My Boyfriend Candidate went nuts this year and gave me a bunch of gifts. Not individually extravagant, but as a whole, it was an investment of time and consideration. I gave him a set of wine glasses – which he really didn’t need. It was nice, minimally thoughtful, and looked kinda puny next to his pile of generosity.
I have such a problem with this. Being new to dating protocols – after 20+ years of being with my now ex-husband – is the gift giving suppose to be equal? That’s unrealistic considering our difference in income and the fact that everything I have rightfully goes to my children. Still, I’m uncomfortable. I want to show him materially that I care – it’s just not practical or even possible.
It doesn’t bother him at all. As a matter of fact, when I mentioned it, he was put out. He said it was his opportunity to be a little extravagant and spontaneous, and if I was going to tie his hands with a budget aimed at achieving equality that would take all the fun out of the holidays.

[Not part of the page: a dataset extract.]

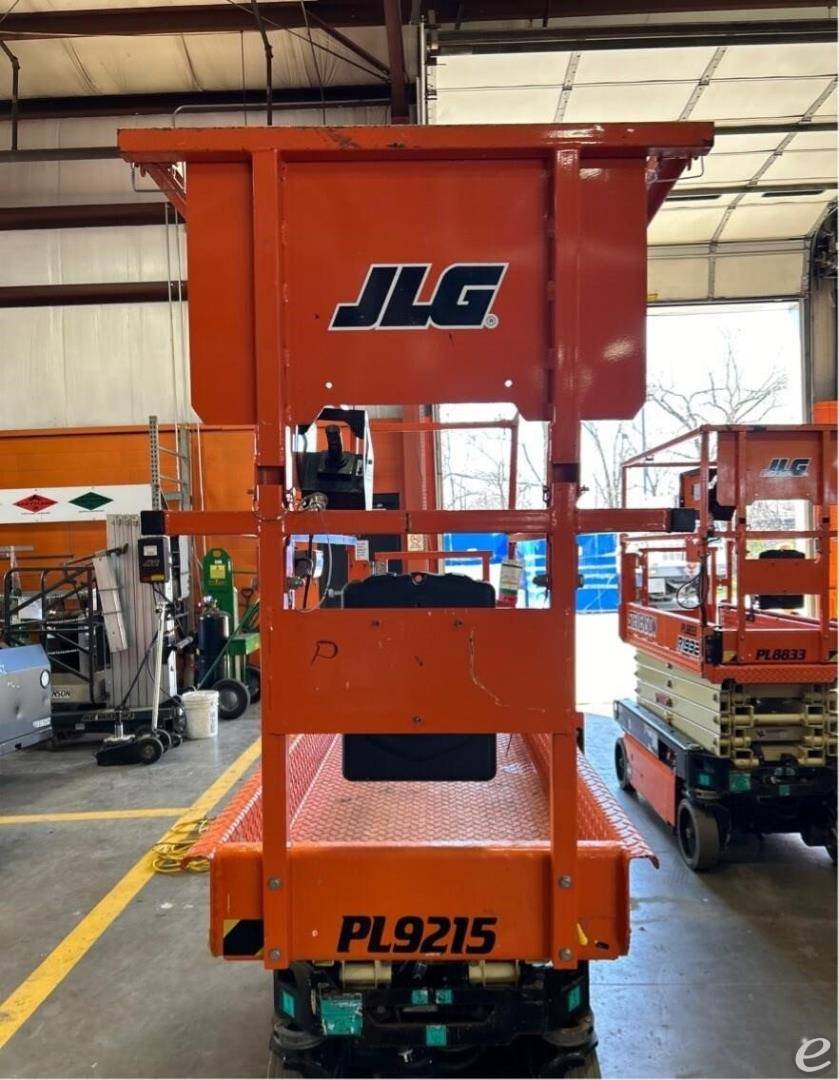 2021 JLG R1932i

I believe too that this gift-giving addresses a sort of fundamental difference between the sexes. I suspect men want to contribute to their women in ways that show character traits and promote their desirability while increasing their market value. The gifts from my BC showed me that 1) he has a sense of humor, 2) he notices my decor/nesting and can purchase an item to match, 3) he notice my stress and wants me to relax, and 4) that he can pick tasteful fashion jewelry which complements my style. These gifts all say “I notice you.” I suspect there was no budget in play. Or at least he wanted it to look that way. I learned a lot about how he feels about me and how he wants me to perceive him. Considering his inability to have a discussion about his feelings and intentions, he accomplished that very thing he avoids through the gift giving.
Or maybe he was at Target and just picked up a bunch of stuff.